Late 70’s/80’s melodic punk just seems to make so much sense for me right now. I’m kind of like a virgin in that territory. Well, I’ve experimented, of course, but all this bands like Pointed Sticks, Teenage Heads and a couple of names I have barely heard of before, seem so well adjusted to my current state of mind.

I guess repetitive chords and one-dimensional lyrics are exactly what I need. And my recent lack of an MP3 player makes it easier for me to stray away from the music I already know by hard.

I’m making time. I might have some plans for tonight. A few creative ways to spend my dead time in a city I never thought you could ever get bored in.

My roommates are watching some strange French movie about an orange hair Asian girl and a very French-looking guy who just pulled a gun off from his jacket.

I miss my bed, the films Max makes me watch. I think my nostalgic mood became exacerbated after sleeping for three hours on the rug.

 
Qu'est ce que c'est? 
Il s'agit d'un macaron vicié

FIRST POST.

I need to organize my suitcase. Correction, I feel the urgency to do it.

I’ve got a suitcase, a Mac, and some money. I have a life as well.
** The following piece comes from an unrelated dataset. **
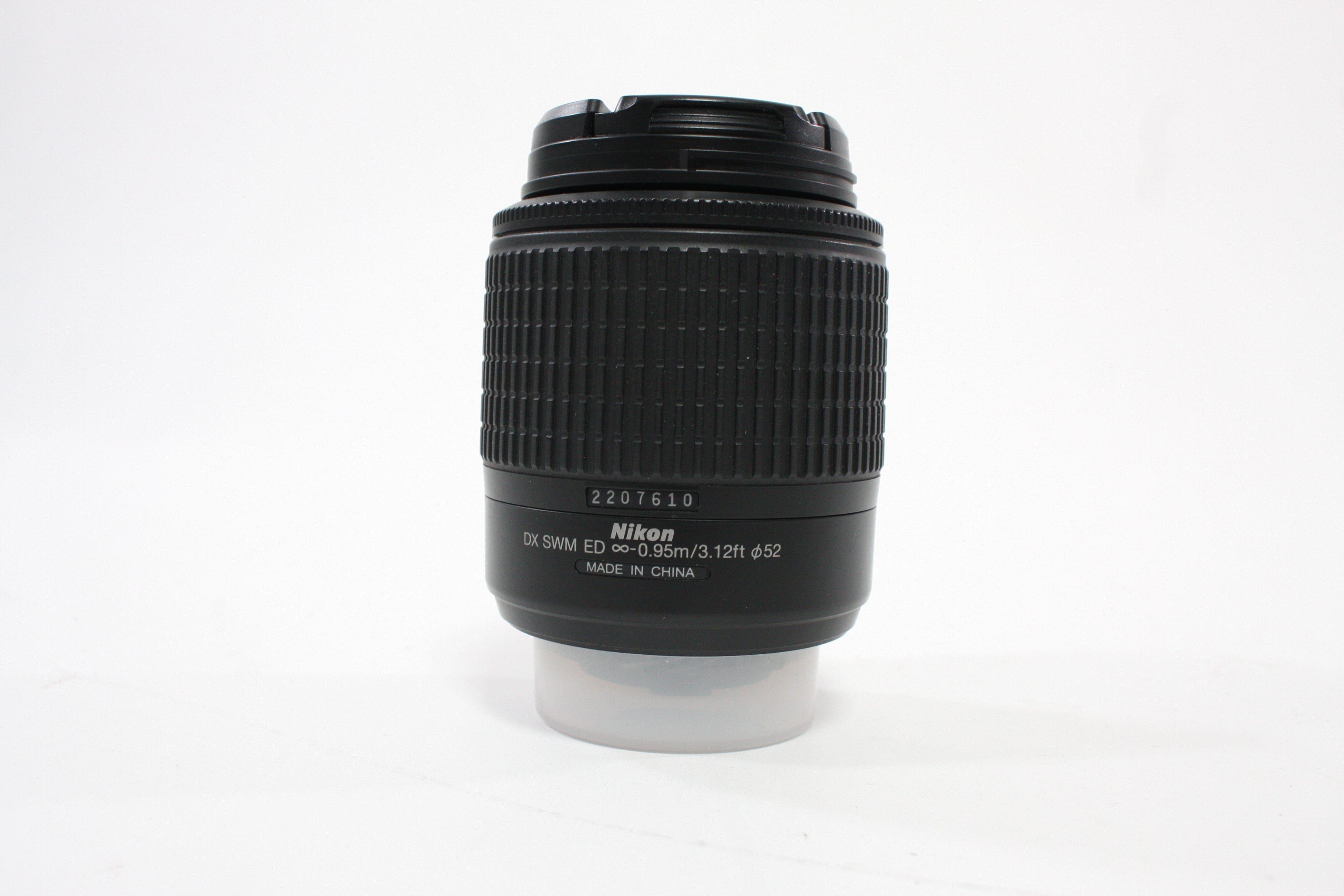 Nikon 55-200mm f/4-5.6 ED AF-S Lens for Nikon F Mount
Might not be this, but I know I’ve got one.

My suitcase is a mess. Gender-less clothes twisted and mixed. Some hygiene products. A pair of gloves.  There’s a perfume bottle inside on of the gloves.

I wear perfume every fucking day. I haven’t washed my clothes for a month now, so perfume is quite elemental.

I’m folding a printed dress that I bought in Le Marais very neatly. Once I’m done, I’ll take a nap. I’ve been feeling so tired lately. Is like, it’s too cold. And I don’t quite know how to carry on a normal routine at this point. So when a free afternoon comes around, I just feel like sleeping, and let the time pass by.

I could go out for a walk, but to do it alone is not quite fun. And the cold wind would turn it into a real drag.

No. I’m just gonna sleep. Well. There are no sheets on the bed, since they’re washing them for the actual owner of the room I’m staying in. She’s coming back tonight, so I have to move to a different room. But I still want to sleep. So I’ll put my coat on, and I’ll cuddle on the floor, on the rug. Like a pet.

I can’t believe how tempted I am over that idea. Sleeping on the floor.

Did Shona got my message? She’s such a nice girl.

I’d love her to come with me. There’s shopping I need to do. I’d be easier if it wasn’t this cold.

Will I have to go to London? Where the fuck am I going now? If there’s no answer in the next few days, I’ll just go home. I long for home. A suitcase is not a home. And my suitcase is a mess.

At least I can say it’s all kind of fun. Isn’t it?

I’m almost done. Yeah, nap time. I like the whole “cat sleeping on the rug” feel of this. I’m such a weirdo sometimes.